Ashland is a mecca for alternative medicine. An internet search uncovers a community of naturopathic, allopathic, and homeopathic physicians; holistic and Shamanic practitioners; and physicians trained in functional and integrative medicine. (Please, don’t ask me for the details.) There are 69 licensed massage therapists, 40 chiropractors, 30 acupuncturists—and 5 marijuana dispensaries.

Life coaches (31 by internet count), spiritual healers, and herbalists round out the list. When a recurrence of my lifetime battle with insomnia sent me in search of therapist trained in cognitive behavior therapy for insomnia, I couldn’t find a single licensed practitioner in all of Oregon. Desperate, I tried a session of guided visualization that promised to help me sleep. It didn’t.

On the side of tradition, there are approximately 38 primary care doctors, 22 nurse practitioners, and 9 osteopaths.

And then, of course, there is healthy eating. The upscale Ashland Food Co-op notes:

From our humble beginnings in 1971 as a food-buying club to our current status as Southern Oregon’s first and only Certified Organic Retailer, over 10,000 members strong, the Ashland Food Co-op has been connecting our community to healthy, local food for decades. With passion, purpose, and a whole lot of love, we’re more than just a grocery store. We’re at the center of a movement. In fact, we’re on a mission to change the world.

On the south side of town, the funky, independently-owned Shop ‘n Kart offers a warehouse of organic foods (there’s no white rice among the Lotus brown rice), local products from hummus to blue cheese, and kombucha, olive oil, and raw honey bars. 

During the growing season, Ashland hosts two weekly farmers’ markets which, according to USA Today, are among the best in the country. 

Is this embrace of wellness enough to keep COVID-19 at bay? Probably not.

Recently I came across the wonderful poem by Danusha Laméris, “Small Kindnesses.” I can’t get it out of my head and heart. It reminds me of what we would lose if we must abandon our public spaces to this 21st century virus and shelter in place—the loss of a different kind of wellness.

“Small Kindnesses” by DanushaLaméris

I’ve been thinking about the way, when you walk
down a crowded aisle, people pull in their legs
to let you by.
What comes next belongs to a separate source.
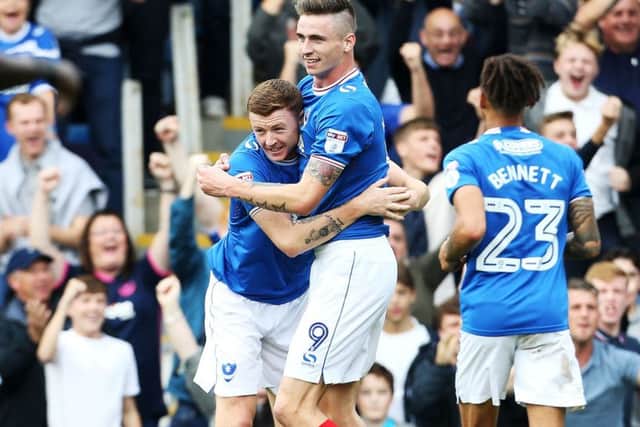 Dion Donohue congratulates Oli Hawkins following his opening goal in the win against MK Dons Picture: Joe Pepler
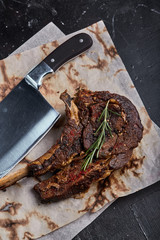 Tomahawk steak with vegetables and a knife on the table. Grilled meat with grilled vegetables and...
Or how strangers still say “bless you”
when someone sneezes, a leftover
from the Bubonic plague. “Don’t die,” we are saying.
And sometimes, when you spill lemons
from your grocery bag, someone else will help you
pick them up. Mostly, we don’t want to harm each other.
We want to be handed our cup of coffee hot,
and to say thank you to the person handing it. To smile
at them and for them to smile back. For the waitress
to call us honey when she sets down the bowl of clam chowder,
and for the driver in the red pick-up truck to let us pass.
We have so little of each other, now. So far
from tribe and fire. Only these brief moments of exchange.
What if they are the true dwelling of the holy, these
fleeting temples we make together when we say, “Here,
have my seat,” “Go ahead—you first,” “I like your hat.”

From Healing the Divide: Poems of Kindness and Connection (Green Writers Press, 2019).